# Zebedee - the boss of everyone (he thinks)



## catbasket (Jun 29, 2009)

Zebedee and his brother Algernon came to live with us from Mount Noddy RSPCA animal center in October last year. They'd been there for a few months as nobody wanted to take the two brothers together. People are weird. Including me  They were born some time in February 2008 and we've given them the 'official' birthday of Feb 14th :001_wub:

Garden pose -








I'm a tiger! -








Lord of all he surveys -








Bird watching -








Tummy rubs.
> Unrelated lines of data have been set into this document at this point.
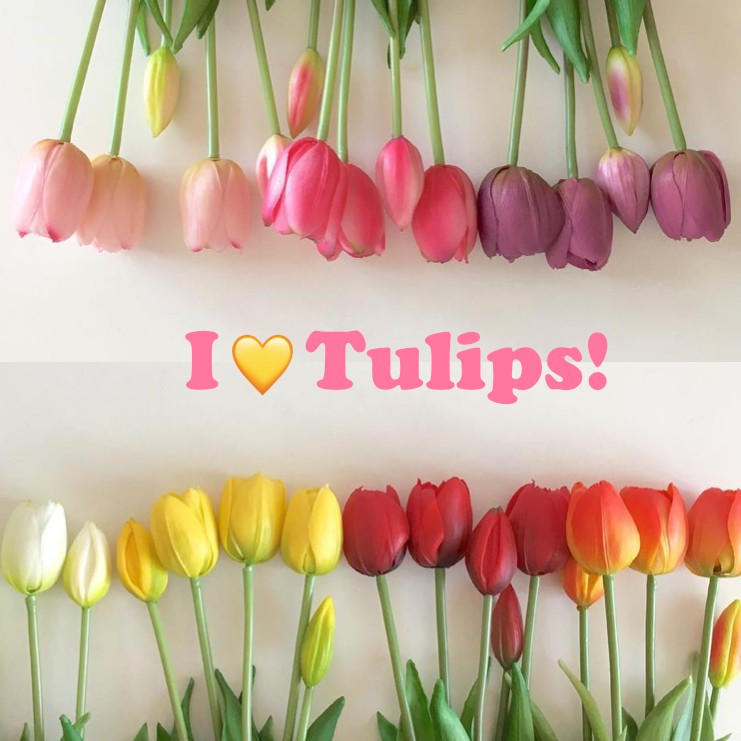 全部現貨 8色超仿真鬱金香 歐膩最愛 仿真花 假花 仿真鬱金香 蝦皮購物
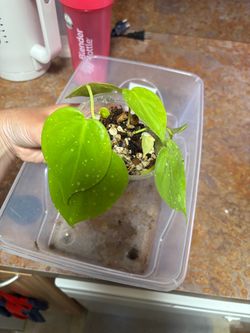Philodendron lemon lime 3.5inch starter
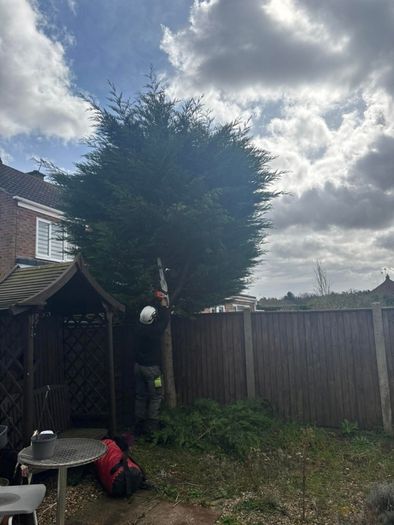 Gardening & Tree Service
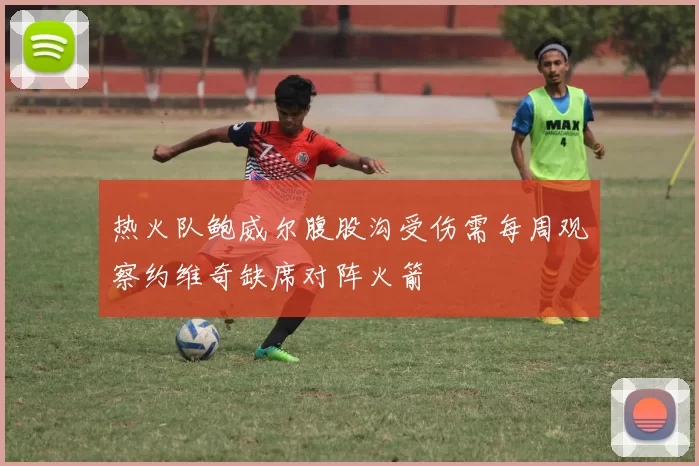 热火队鲍威尔腹股沟受伤需每周观察约维奇缺席对阵火箭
Now! -


----------



## colliemerles (Nov 2, 2007)

awww another little beauty,


----------



## Patterdale_lover (Sep 25, 2008)

wow beautiful eyes!


----------



## Aud's_Mum (Aug 4, 2008)

Another gorgeous cat! Lucky you. I love the names of your cats. Again, its brilliant that you rescued them


----------



## FREE SPIRIT (Jul 8, 2009)

So cute...lovely pics.


----------



## DKDREAM (Sep 15, 2008)

What lovley pictures thanks for sharing them with us, they are two lucky cats to be with you


----------



## Riverwish (May 2, 2009)

Gorgeous


----------



## munchbunch (Dec 13, 2008)

They're lovely. It's great to get two at the same time so they've got a playmate & you know they get on


----------